Someone observant might also notice at this point that there are many different languages spoken in the world in many different places (not just US English in Pacific Standard Time Zone). We might want to shard our backend based upon country, language or even region. This also is a handy user feature because popularity within your country is likely to yield better results. A very dirty finger in the air estimate would suggest a corpus might get down to 50 million. Of those the number of where there were more than (say) 5 gets even smaller. Maybe even low millions. This becomes a much more tractable problem.

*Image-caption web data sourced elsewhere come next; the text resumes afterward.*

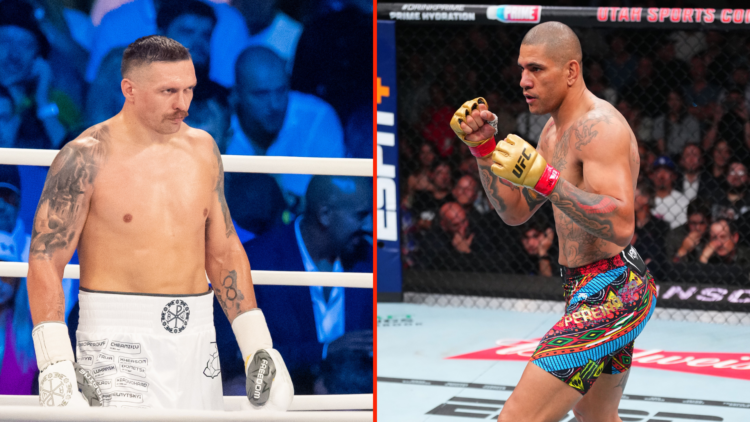Split image of (L) Oleksandr Usyk during boxing gala in Wroclaw, Poland on August 26, 2023 and Alex Pereira of Brazil in the UFC light heavyweight ...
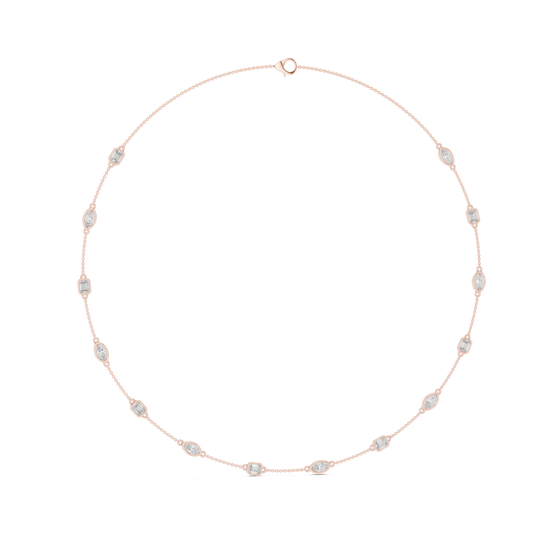 Regalia Station Diamond Necklace | Sculpted Floating Diamond Links | Luxury Modern Heirloom Jewelry Creation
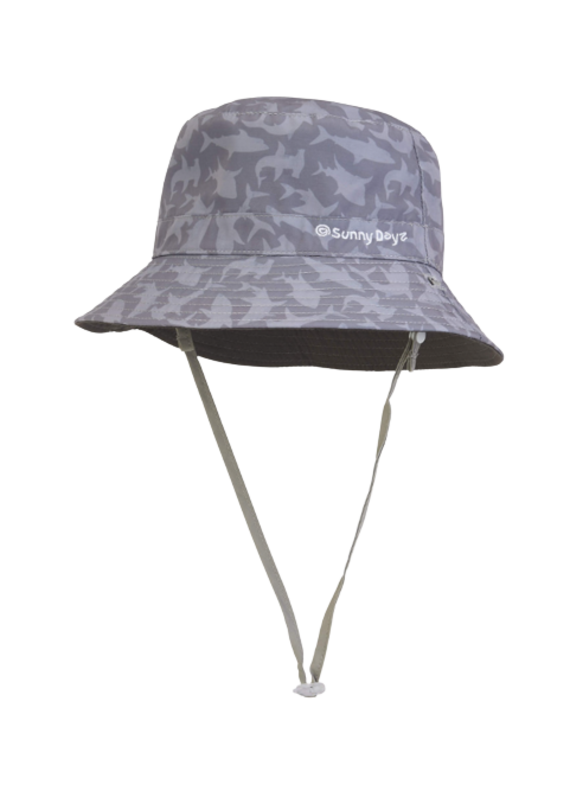 Reversible Grey Design/Grey Bucket Sun Hat 3-5 years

And, we’ve just made a case for multiple backends to request the information from. Once we have more than one we might start thinking there are other cases — for example the user’s search history. It sure would be handy if I could save time of previous or popular queries I’d made. I might want a more contemporaneous store for news items (when Taylor Swift starts trending then more people will be searching for her) with even fewer possibilities. This is now pushing me towards being able to send lots of async requests and make my final response to the client out of the best of those I get back. It’s also making me question how often I have to update my precomputed suggestions.
And, now — we get to design the system. Having first explored the problem space and refined our use cases. Having thought about the user and what might be useful to them we have a set of requirements we can built something for. And, it turns out this is kind of the easy bit. I want fast lookups — so either sharded in memory tables. I want offline processing. I want to be able to fire off RPC requests in parallel. I can make sane(ish) estimates of the numbers of machines I might want to use based on my memory footprint and volume of traffic.
Assuming we’ve got this far in the time (which isn’t all that likely) we are now open to start talking about how we operate the system at scale. What happens when we’re updating a backend? How do we run experiments? How to monitor what we have? What do our fall back cases look like?
The key thing with critical thinking is to explore the problem space first. Think about it with data. Think about why you’re building this. Think about it from the user perspective. Think about the practical implications of what happens when you try to build this system at the likely scale or on top of an existing system. The up front exploration means that you start building something useful that stands a chance of working. If you immediately reach for an algorithm you’re always playing catch up. Software engineering is more than trying to find a suitable pattern — it’s about understanding problems so you can solve them elegantly. It’s a skill that you (hopefully) learn as you go through your career if you’re surrounded by people who’ve been through it before and are willing to invest in asking you the right questions. It’s also what separates the really great engineers from their counterparts.
I’ve written out a thought process in how I give and assess this interview. It’s not definitive for how to solve the problem. In fact re-reading it I can think of lots of different ways I could have gone. The joy of design interviews is there is no single good answer. But, elements of what I’ve discussed above will exist in any good answer. The thing to remember is start by understanding the problem. If you jump straight into solutions you’re going to have a bad time.